Greetings St. Barth friends...did I read that there was a place to rent guitars on the Island?  Cheryl and I decided against bringing my Martin down.  Thanks

----------


## KevinS

I can tell you lots of places to rent a villa, a car, or a boat.  I'm unaware of anywhere which rents musical instruments of any sort.  If you do find somewhere, consider bringing an extra set of strings.  I don't know if there's anywhere to buy them on the island.

----------


## Cwater

Thanks all my best

----------


## Aimeric

> Greetings St. Barth friends...did I read that there was a place to rent guitars on the Island?  Cheryl and I decided against bringing my Martin down.  Thanks



Contact the company St Barth Provider. Maybe Aurelie will find it.

----------


## Cwater

Thanks

----------


## amyb

If you run into Soley or Bruno Magras, ask one of them.

----------


## GramChop

> If you run into Soley or Bruno Magras, ask them.

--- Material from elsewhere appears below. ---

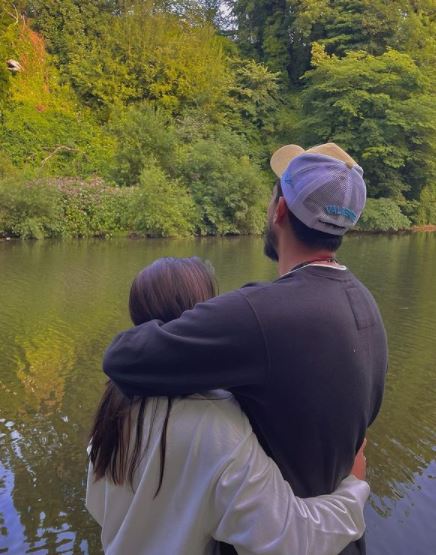 Ishant sharma wife pratima singh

To add to Amy's thought:  Cwater:  It might be worth shooting (Don) Soley a message via either Facebook or Instagram (@donsoley) and ask his advice.

----------


## Cwater

Thanks doing so now.

----------


## Skullface

I suppose that the most practical way is searching via Facebook. Of all the socials, it's the most powerful in selling and buying things. It's obvious that you find the guitar way faster through social media than a real offline store in a new country. It would be better if we would share accounts that can propose such an offer here. Maybe this way, you will be able to find your guitar without wasting your time searching through google. I like playing the guitar and can advise you on something so that you can write to me in private messages and we'll discuss it. The one thing I want to share is that recently I found a site with the coolest guitar accessories in the whole world.

----------


## mattdinzey

I've taken my Larrivee parlor guitar to St. Barths a few times. It's small enough to fit in the overhead bin, and it sounds great, too!

----------


## JEK

So what did Cwater do, over three years ago? Inquiring minds are always interested in resurrected threads  :cool:

----------


## ouanalao

> Greetings St. Barth friends...did I read that there was a place to rent guitars on the Island?  Cheryl and I decided against bringing my Martin down.  Thanks



Look for Vincent Gumbs (St Barth Sound System) on facebook, you might have a chance... The guitar shop at La Pointe is gone long time ago..

----------